I'm not sure people were really desperate to move from "configuration to code" or thought they really needed streams in their task runner before they were told they did, so for me I struggle a little to see what the "specific issue" was that gulp solved over grunt. The movement away from grunt and gulp to npm scripts and even crusty old make(1) is, of course, at least partly in reaction to the added complexity of these task runners - so in a way that's almost like unsolving a "specific issue".

I think we see the early growing pains of a new ecosystem.

React is great and a fantastic tool but by making it "just the 'V'" it opened up a lot of options and complexity in the ecosystem and Redux/Reflux/Flux/Relay each are trying to fill in the missing pieces.

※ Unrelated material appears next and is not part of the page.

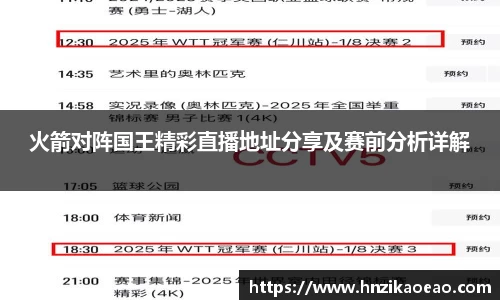 火箭对阵国王精彩直播地址分享及赛前分析详解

And yes it's hard to figure out and painful even for seasoned vets. But its getting better, the community seems to be settling on Redux for the most part over Flux/Reflux (Relay tries to solve a different problem).

NodeJS web development is kind of in the same boat. There's still no clear "winner" in the framework wars there like Django/Rails. I don't know why these trends seem to be magnified in the JavaScript ecosystem but it's similar to the early days of Java web development in the late 90s early 00s (Struts anyone?).

Are you objecting to the names, or that they all exist?